Simonton Offers New Condensation Brochure

December 6, 2011

"Understanding Condensation in Your Home" is the name of a new brochure introduced by Simonton Windows. It is available for download from the manufacturer's website.

“We often get calls from homeowners who are concerned that their windows are ‘sweating’ or leaking either inside or outside the home because they see moisture on the glass,” says Christopher Burk, Simonton's technical product manager. “In reality, that’s simply not the case. While condensation may collect on the interior or exterior of energy-efficient windows, the units are really doing their job by helping serve as a barrier in the home.”

Burk emphasizes that windows do not cause condensation–they simply prevent the moisture in the home from escaping to the outside. “If the inside glass surface on double- or triple-glazed windows show excessive moisture, you can be reasonably sure that the moisture is also collecting on your walls and ceilings,” says Burk. “This means you should take steps to reduce the humidity level in your home by using exhaust fans and dehumidifiers.”

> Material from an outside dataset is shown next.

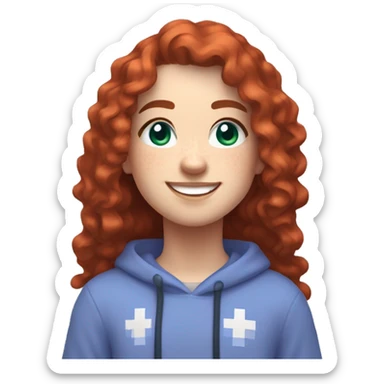 a white girl with long red curly hair and freckles, wearing periwinkle Minecraft hoodie playing a videogame smiling sticker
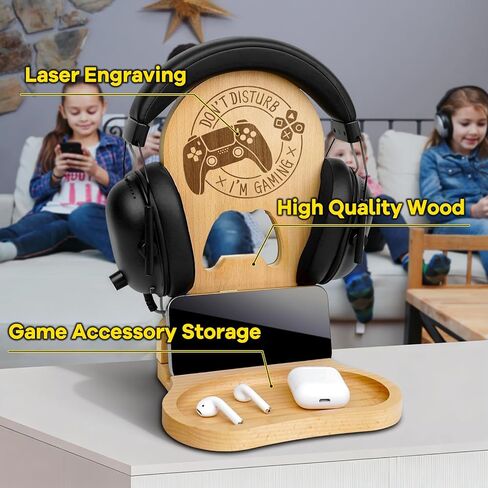 Gifts for Boyfriend - Gamer Gifts for Men - Wooden Gaming Headset Stand with Light - Gaming Boys Room Decor - Gaming Accessories in Saudi Arabia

The manufacturer notes that homeowners create much of the water vapor in the home themselves on a daily basis. It also offers a number of tips to reduce condensation:

  • Use kitchen and bathroom exhaust fans.
  • Set humidifier, if used, to the correct outside temperature.
  • If a home is overly humid, or if the basement is damp, use a dehumidifier.
  • Properly vent clothes dryers, gas appliances and stoves.
  • Open a window in the bathroom.
  • Make sure the attic, basement and crawl spaces are well ventilated and free from obstructions.
  • Store firewood outside. Freshly-cut wood can consist of up to 45 percent water, which adds water vapor to the home. Even well-seasoned firewood generally has a 20 to 25 percent moisture content.
  • Open curtains and blinds to allow more air circulation around your windows.

Simonton's Burk also points out that it is important to know the difference between condensation on the glass and between the glass panes of the window. “If you are seeing moisture, fogging or cloudiness between the panes of glass in your window, this is a strong indication that the seal of your window has failed and it’s time to get a new window,” he says. “Failed seals lack the energy efficiency and features necessary to help you keep energy bills low and enjoy comfortable living in your home. While condensation on the interior or exterior of the glass is manageable, moisture between the glass needs swift attention by homeowners.”